(EXTRACTED DATA begins)
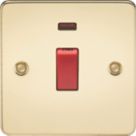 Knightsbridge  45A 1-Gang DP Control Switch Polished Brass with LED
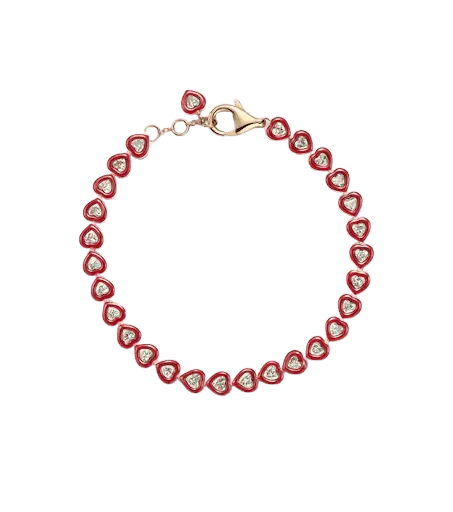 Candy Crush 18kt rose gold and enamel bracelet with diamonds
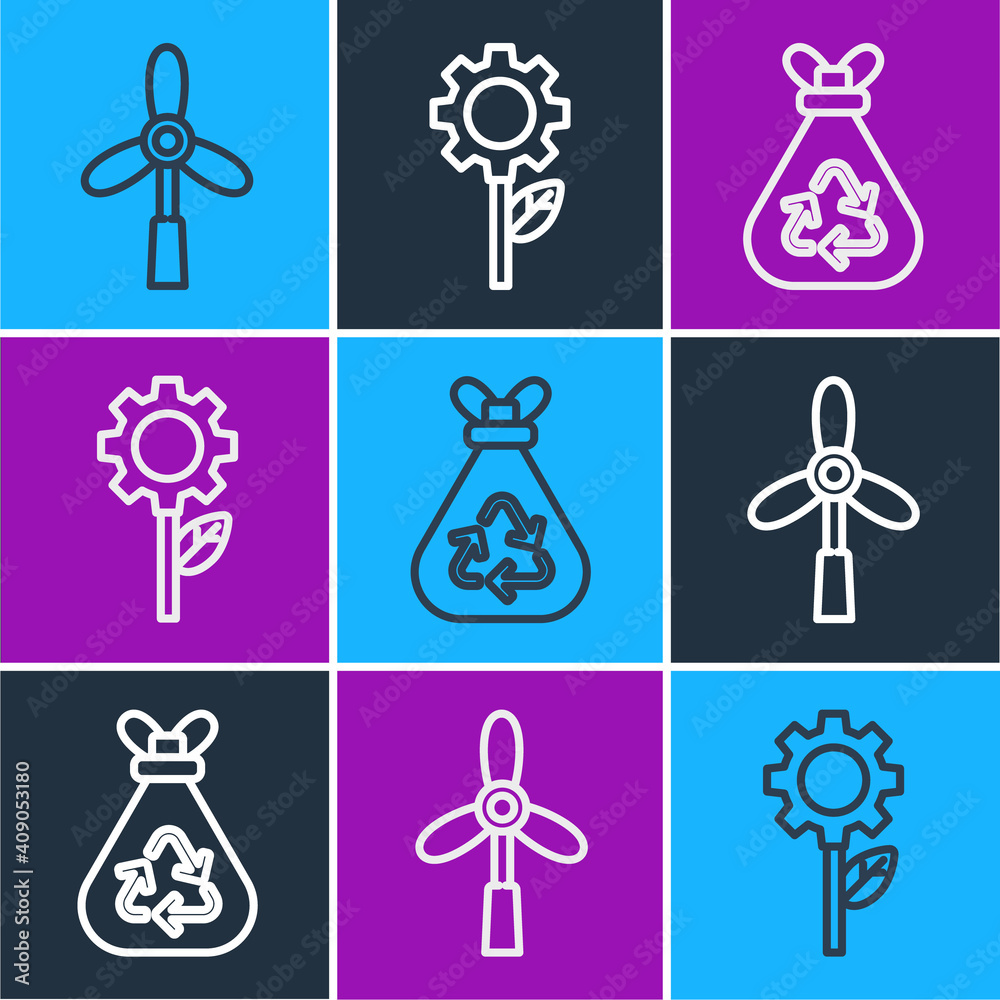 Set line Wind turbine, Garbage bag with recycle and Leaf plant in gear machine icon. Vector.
(EXTRACTED DATA ends)
(EXTRACTED DATA begins)
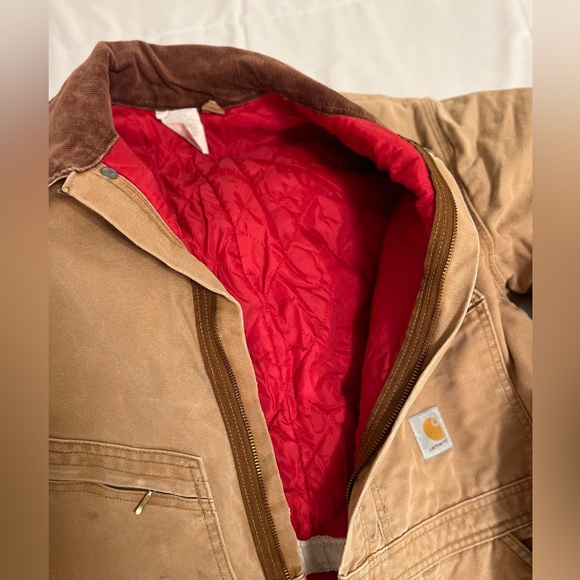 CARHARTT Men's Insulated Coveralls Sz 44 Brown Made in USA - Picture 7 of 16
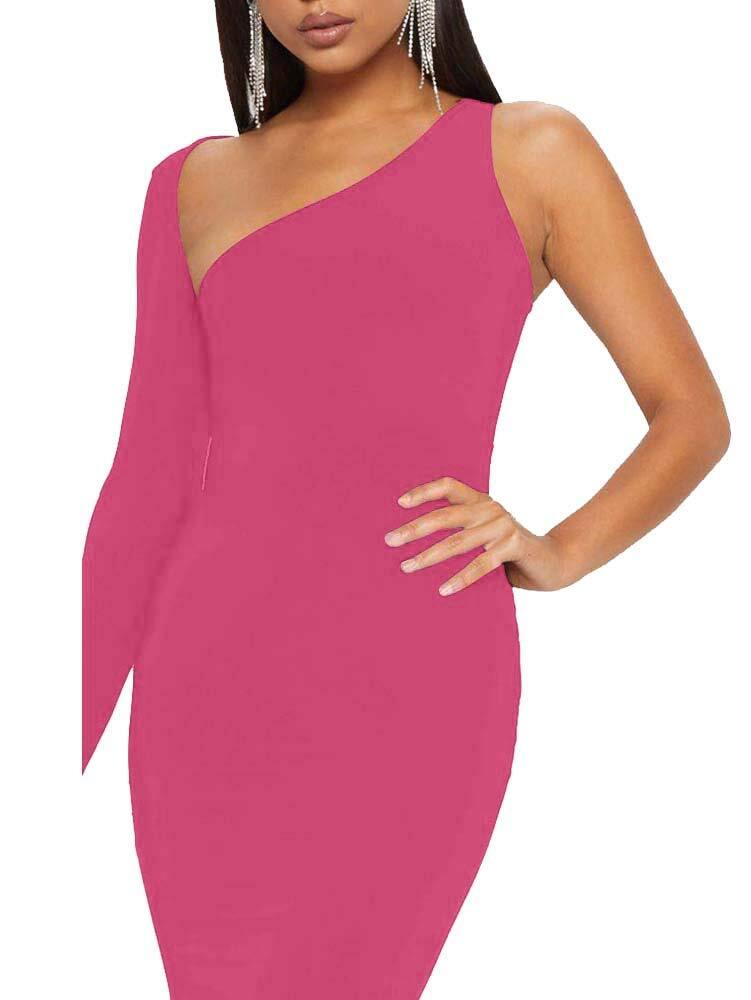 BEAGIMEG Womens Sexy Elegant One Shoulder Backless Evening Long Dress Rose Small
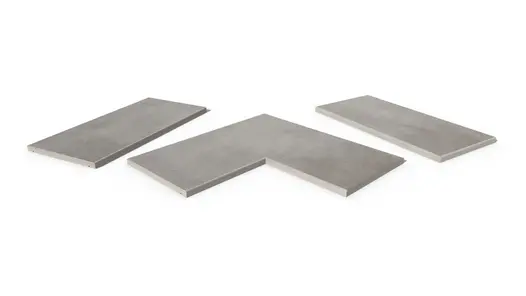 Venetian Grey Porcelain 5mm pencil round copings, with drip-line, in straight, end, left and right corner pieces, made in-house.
(EXTRACTED DATA ends)
◆ WORK INSTRUCTIONS ◆
Would you write out exactly the lines above, starting at the line containing "CARHARTT Men's Insulated" and stopping after the line containing "Venetian Grey Porcelain"? Omit the pictures.

◆ SOLVED PROBLEM ◆
 CARHARTT Men's Insulated Coveralls Sz 44 Brown Made in USA - Picture 7 of 16
 BEAGIMEG Womens Sexy Elegant One Shoulder Backless Evening Long Dress Rose Small
 Venetian Grey Porcelain 5mm pencil round copings, with drip-line, in straight, end, left and right corner pieces, made in-house.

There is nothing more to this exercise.